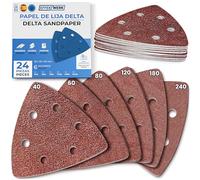EffektWerk - Lijas Delta - Paquete de 24, 6 Agujeros - Almohadillas de Lijado Triangulares 93 x 93 x 93mm para Máquinas de Lijado Triangulares - Varios Tamaños de Grano (40, 60, 80, 120, 180, 240)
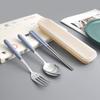 Set di posate ecologiche in paglia di grano: Cucchiaio, Forchetta e Bacchette in Giunto di Bambù - Ideali per Viaggio, Casa, Hotel o come Regalo.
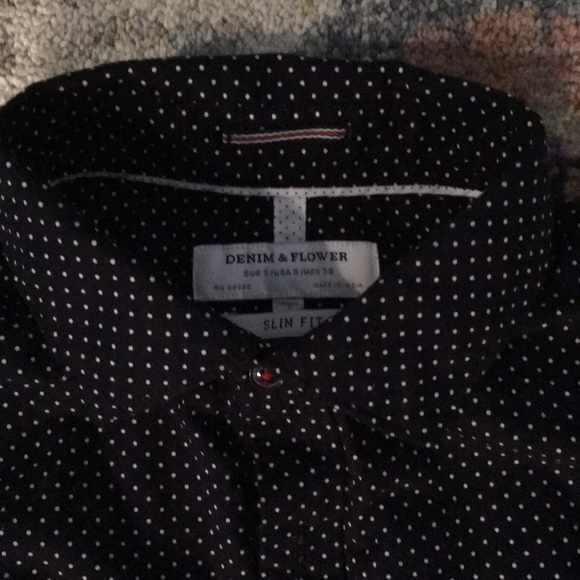 Dot Print Denim and Flower Shirt - Picture 2 of 2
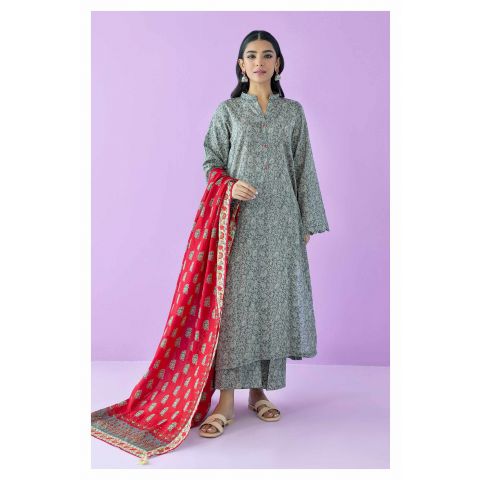 Unstitched 3 Piece Printed Lawn Shirt, Lawn Pant and Lawn Dupatta, Grey, 55555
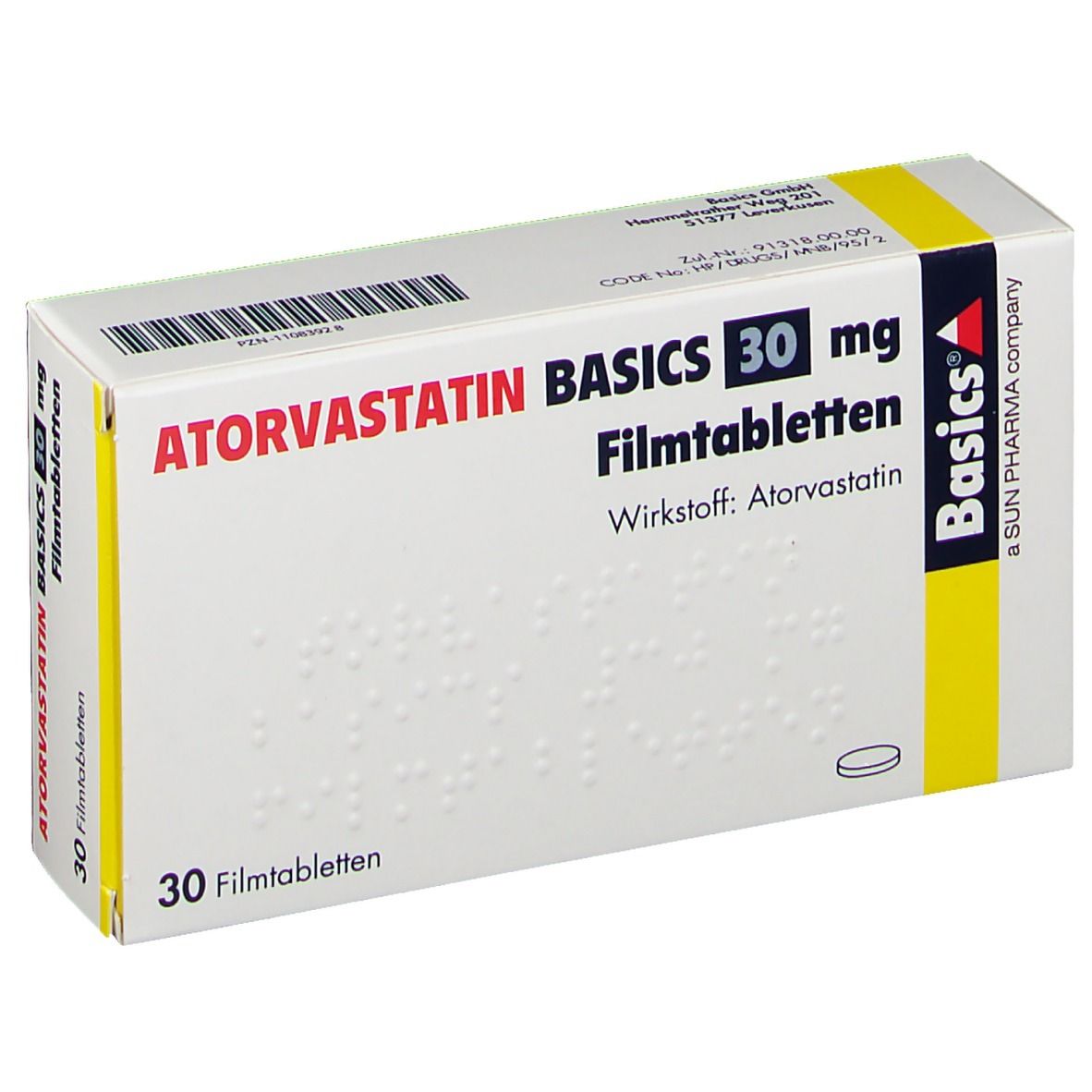 Schachtel mit ATORVASTATIN BASICS 30 mg Filmtabletten. 30 Tabletten. Wirkstoff: Atorvastatin. Marke Basics, SUN PHARMA.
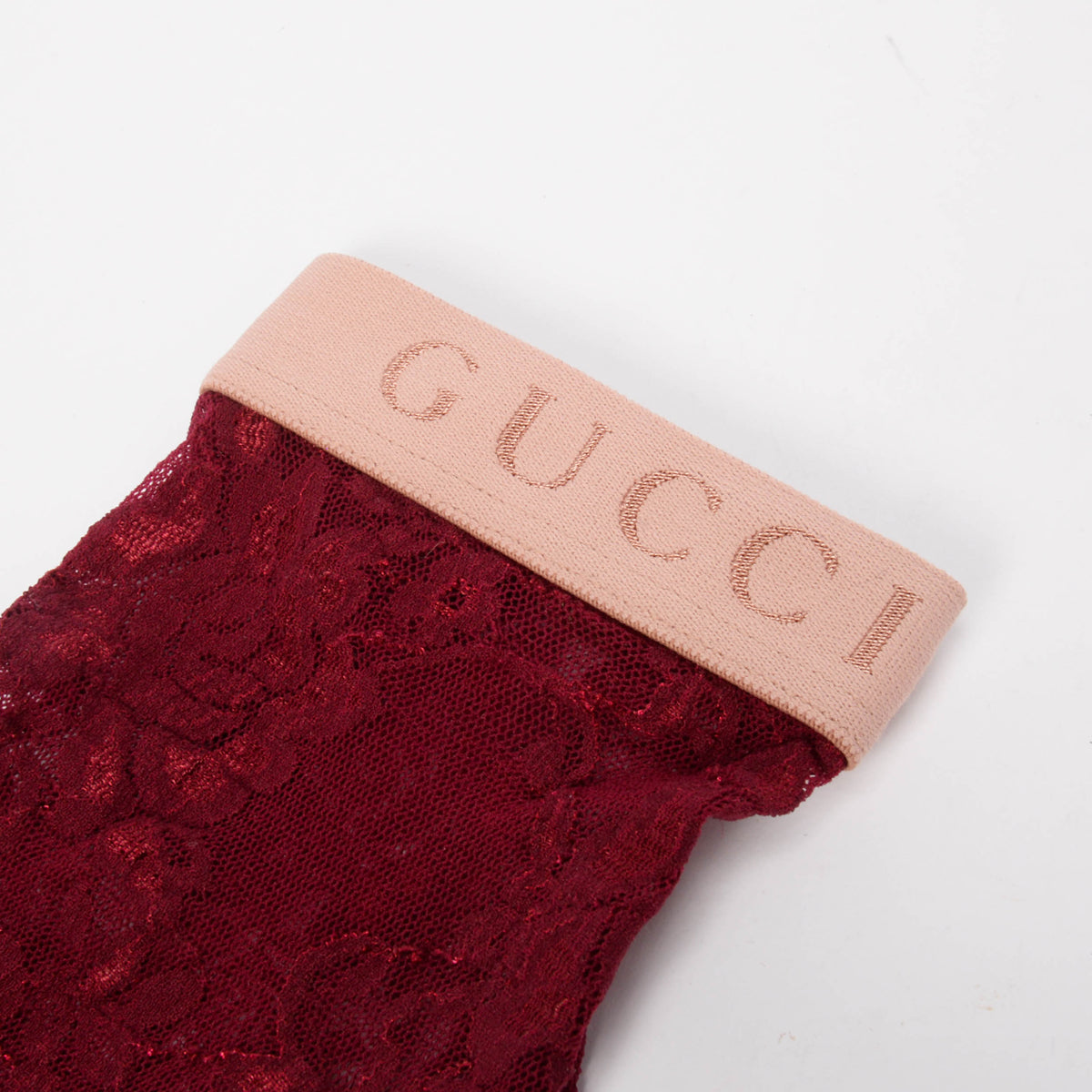 Gucci Burgundy Lace Ankle Socks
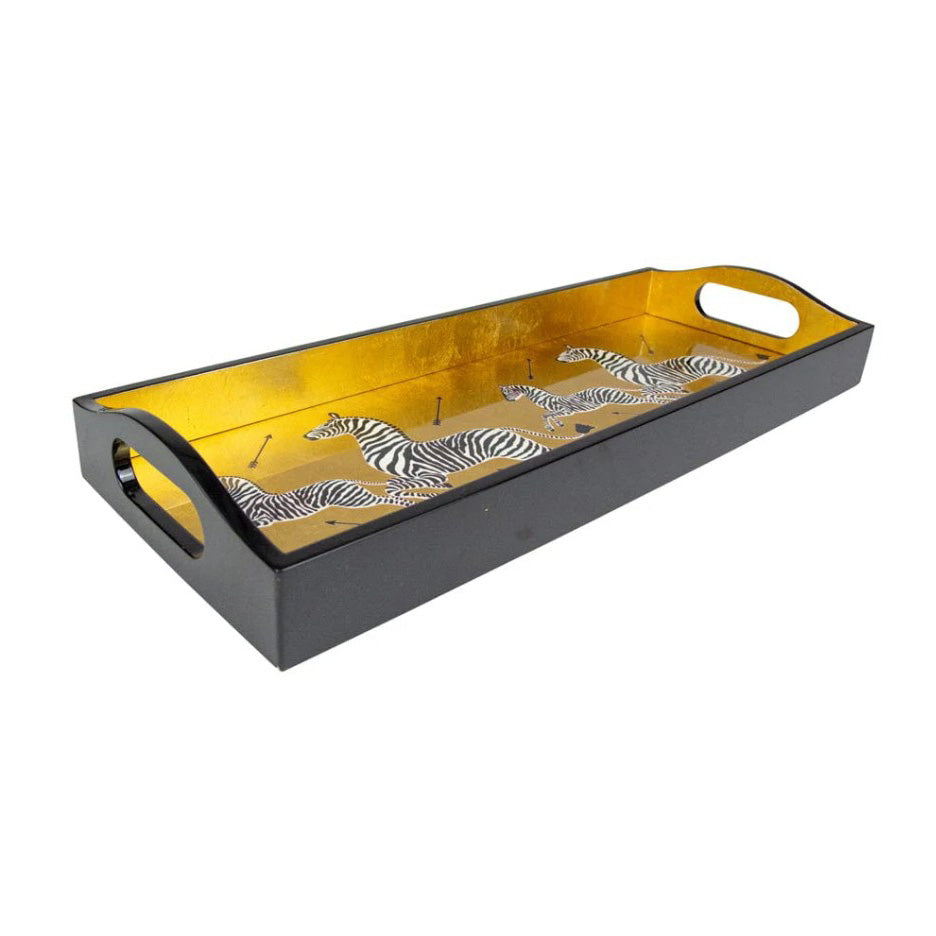 Zebras Lacquer Bar Tray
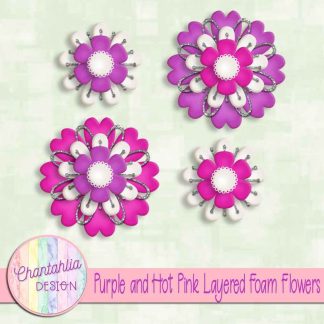 Free purple and hot pink layered foam flowers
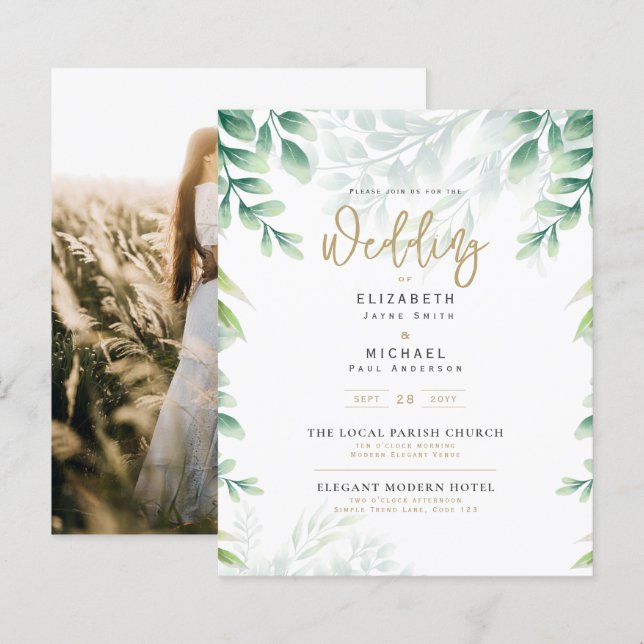 Lámina Presupuesto Eucalipto Boda INVITE (Anverso / Reverso)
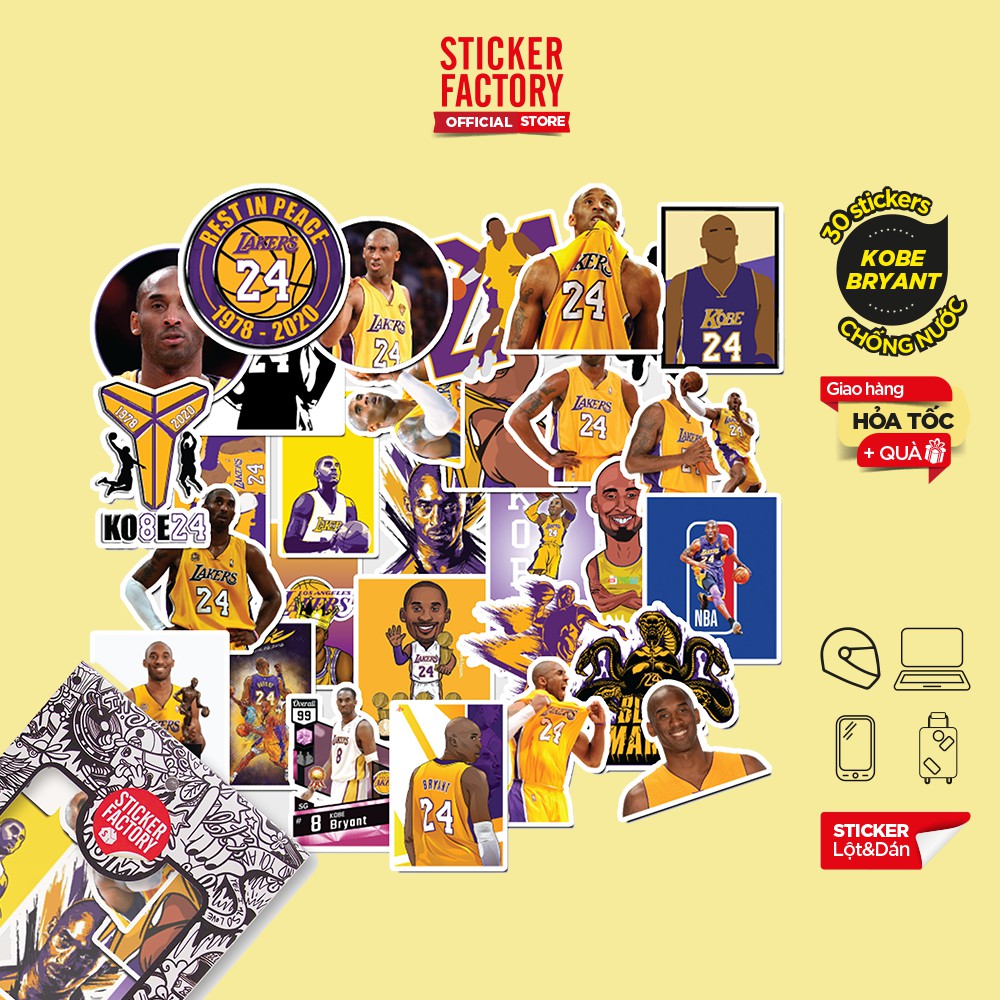 Hộp set 30 sticker decal hình dán nón bảo hiểm , laptop, xe máy, ô tô STICKER FACTORY - Kobe Bryant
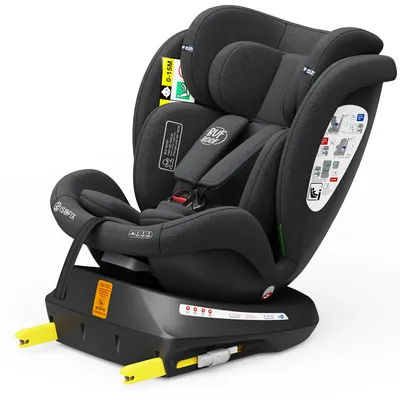 Produktbild von TWT I-SIZE Plus DELUXE BlackJeans Kindersitz mit 360 Grad drehbarem Isofix-System-BUF BOOF 0, 36 kg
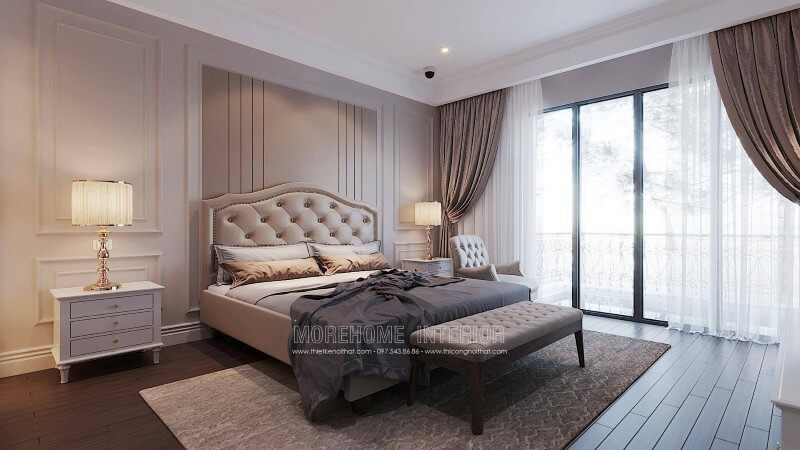 Bố trí nội thất phòng ngủ đẹp cho biệt thự tại Hà Nội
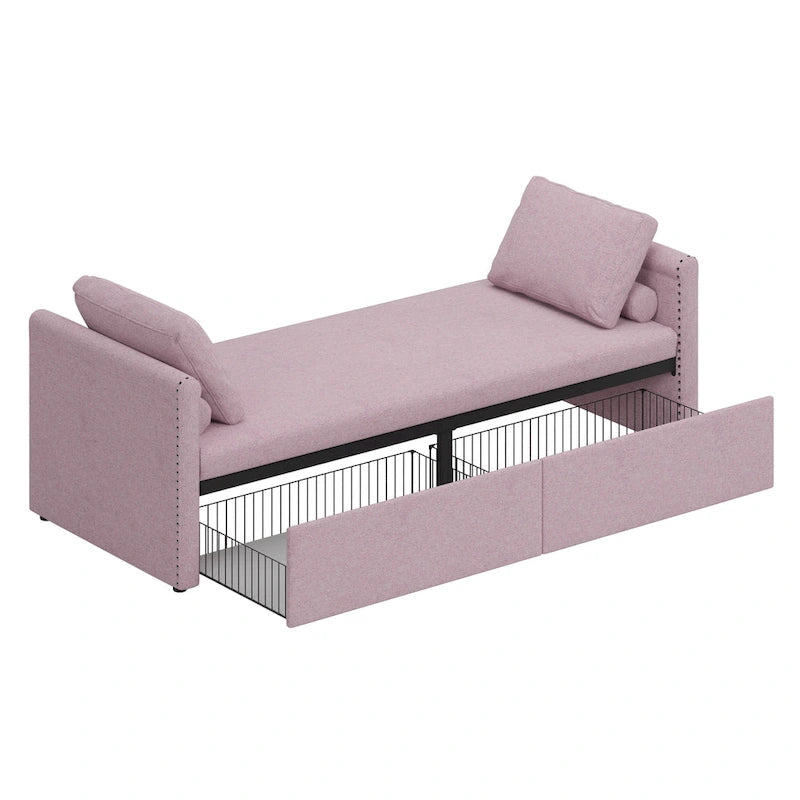 Pink Modern 81.5 Linen Upholstered Chaise Lounger Daybed with Pillows and 2 Drawers for Living Room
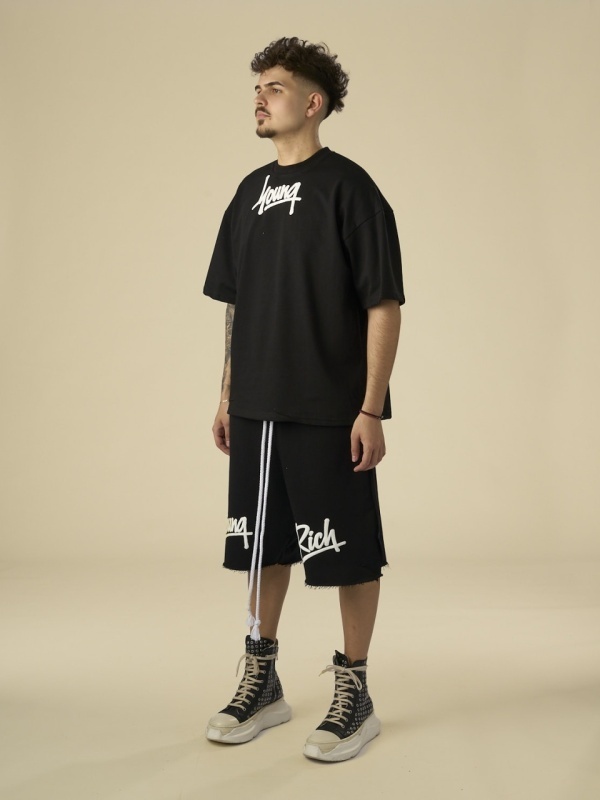 Sort negru Young Rich white puff - Img 5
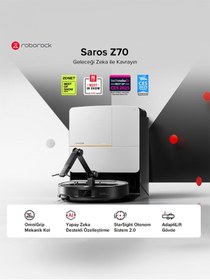 Resim Roborock Yapay Zekalı- 22.000 Pa Emiş Gücü Ufak Eşyaları Toplayan ULTRA PPREMİUM Saros Z70 Robot Süpürge 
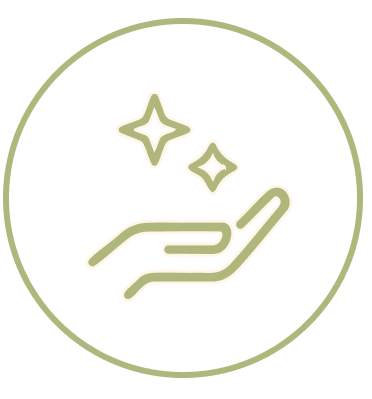 Graphic icon of a hand with sparkling stars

Requirement:
Print the records verbatim, without pictures.

Response to this exercise:
EffektWerk - Lijas Delta - Paquete de 24, 6 Agujeros - Almohadillas de Lijado Triangulares 93 x 93 x 93mm para Máquinas de Lijado Triangulares - Varios Tamaños de Grano (40, 60, 80, 120, 180, 240)
 Set di posate ecologiche in paglia di grano: Cucchiaio, Forchetta e Bacchette in Giunto di Bambù - Ideali per Viaggio, Casa, Hotel o come Regalo.
 Dot Print Denim and Flower Shirt - Picture 2 of 2
 Unstitched 3 Piece Printed Lawn Shirt, Lawn Pant and Lawn Dupatta, Grey, 55555
 Schachtel mit ATORVASTATIN BASICS 30 mg Filmtabletten. 30 Tabletten. Wirkstoff: Atorvastatin. Marke Basics, SUN PHARMA.
 Gucci Burgundy Lace Ankle Socks
 Zebras Lacquer Bar Tray
 Free purple and hot pink layered foam flowers
 Lámina Presupuesto Eucalipto Boda INVITE (Anverso / Reverso)
 Hộp set 30 sticker decal hình dán nón bảo hiểm , laptop, xe máy, ô tô STICKER FACTORY - Kobe Bryant
 Produktbild von TWT I-SIZE Plus DELUXE BlackJeans Kindersitz mit 360 Grad drehbarem Isofix-System-BUF BOOF 0, 36 kg
 Bố trí nội thất phòng ngủ đẹp cho biệt thự tại Hà Nội
 Pink Modern 81.5 Linen Upholstered Chaise Lounger Daybed with Pillows and 2 Drawers for Living Room
 Sort negru Young Rich white puff - Img 5
 Resim Roborock Yapay Zekalı- 22.000 Pa Emiş Gücü Ufak Eşyaları Toplayan ULTRA PPREMİUM Saros Z70 Robot Süpürge 
 Graphic icon of a hand with sparkling stars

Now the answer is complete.